Der Bundesfinanzhof gibt nun im Grundsatz mit Urteil vom 15.1.2019 (Aktenzeichen X R 6/17) der Stpfl. Recht, verweist den Fall aber an das Finanzgericht zur weiteren Sachaufklärung zurück. Im Kern hat das Gericht Folgendes entschieden:

  • Der Begriff der „Spende“ erfordert ein freiwilliges Handeln des Stpfl. Hierfür genügt es grundsätzlich, wenn die Zuwendung auf Grund einer freiwillig eingegangenen rechtlichen Verpflichtung geleistet wird. Diese Voraussetzung ist noch erfüllt, wenn ein Stpfl. in einem mit seinem Ehegatten geschlossenen Schenkungsvertrag die Auflage übernimmt, einen Teil des geschenkten Geldbetrags einer steuerbegünstigten Körperschaft zuzuwenden.
  • Ferner setzt der Begriff der „Spende“ unentgeltliches Handeln voraus. Daran fehlt es, wenn der Stpfl. eine Gegenleistung des Zuwendungsempfängers erhält; darüber hinaus aber auch dann, wenn die Zuwendung unmittelbar und ursächlich mit einem von einem Dritten gewährten Vorteil zusammenhängt. Das Behaltendürfen eines Teilbetrags einer Schenkung ist aber kein Vorteil, der ursächlich mit der Weiterleitungsverpflichtung aus einer im Schenkungsvertrag enthaltenen Auflage in Zusammenhang steht.
  • Wer einen Geldbetrag als Schenkung mit der Auflage erhält, ihn einer steuerbegünstigten Körperschaft zuzuwenden, ist mit diesem Betrag grundsätzlich nicht wirtschaftlich belastet und daher nicht spendenabzugsberechtigt. Etwas anderes gilt, wenn es sich bei den Parteien des zugrunde liegenden Schenkungsvertrags um zusammenveranlagte Eheleute handelt. In diesen Fällen ist die wirtschaftliche Belastung des Schenkers dem mit ihm zusammenveranlagten zuwendenden Ehegatten zuzurechnen.

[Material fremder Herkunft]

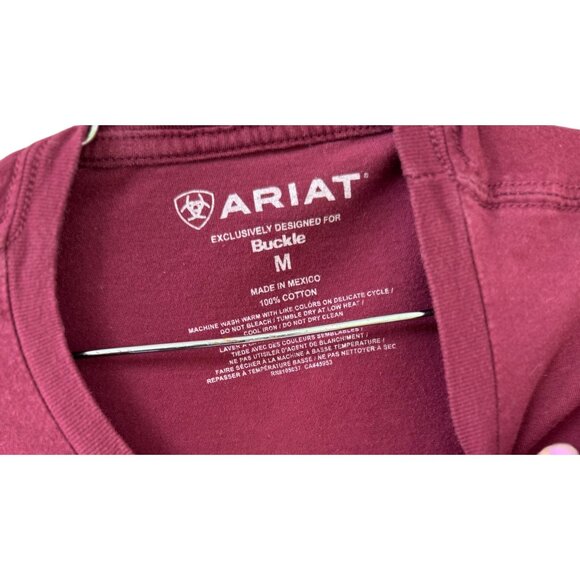 Ariat Mens Burgundy Long Sleeve  T-Shirt - Medium USA Logo Cotton - Picture 5 of 7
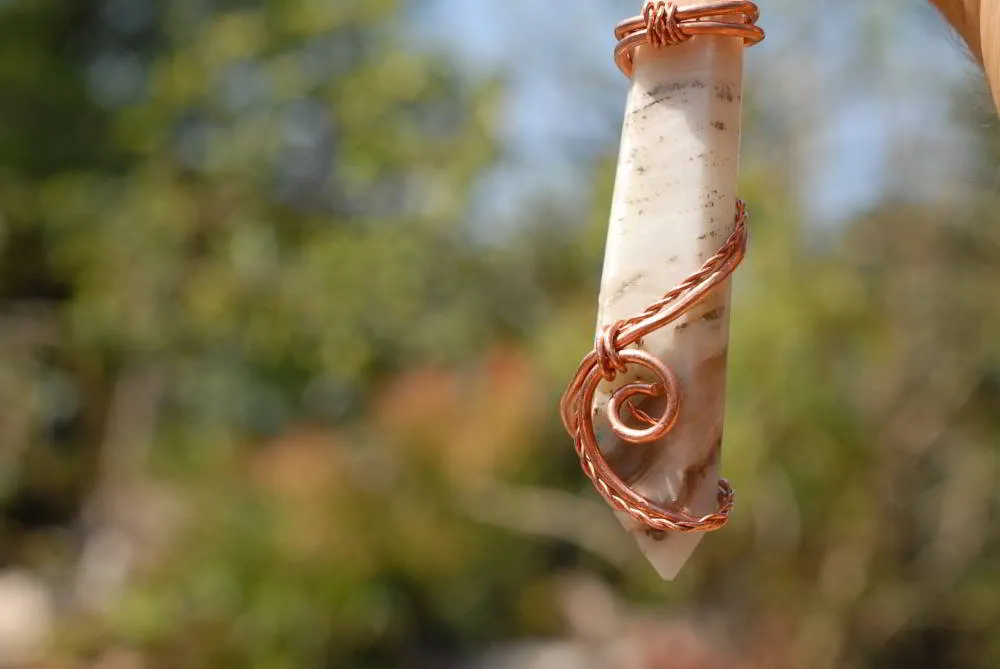 Polished White Smithsonite Spade Shaped Crystals Set In Copper Art Wire Wrap Pendant - sold per piece From Congo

Vorliegend ist nun der Sachverhalt weiter aufzuklären, da unklar ist, ob die Stpfl. lediglich ein Schenkungsversprechen des Ehegatten ausgeführt hat, bei dem also hinsichtlich der weitergegebenen Gelder nur durchlaufende Posten vorlagen. Oder ob tatsächlich eine Schenkung unter Auflage vorlag.

Grundsätzlich dürfen nur solche Abflüsse als Spenden berücksichtigt werden, durch die der Stpfl. tatsächlich und endgültig wirtschaftlich belastet ist. Beispielsweise ist ein Erbe, der mit einem Vermächtnis zu Gunsten einer spendenempfangsberechtigten Körperschaft beschwert ist, durch die Zuwendung des vermachten Betrags an die Körperschaft nicht wirtschaftlich belastet, weil er von vornherein nur das mit der Vermächtnisverpflichtung belastete Vermögen erworben hat. Nach diesen Grundsätzen wäre eine wirtschaftliche Belastung der Stpfl. im Urteilsfall bei einer Schenkung unter Auflage zu verneinen, weil sie nicht anders als ein mit einem Vermächtnis beschwerter Erbe von vornherein nur den mit der Auflage belasteten Schenkungsgegenstand erworben hat. Im Streitfall folgt aber aus der Zusammenveranlagung bei der Einkommensteuer, dass die unstreitig beim Ehegatten gegebene wirtschaftliche Belastung mit den an die beiden Vereine überwiesenen Beträgen der mit ihm zusammenveranlagten Stpfl. zugerechnet wird.

Handlungsempfehlung:

In der Praxis müssen solche Gestaltungen sorgfältig durchdacht und unter Hinzuziehung steuerlichen Rats geprüft werden. Einer solchen Schenkung unter Auflage sollte stets ein schriftliches Schenkungsversprechen zu Grunde liegen.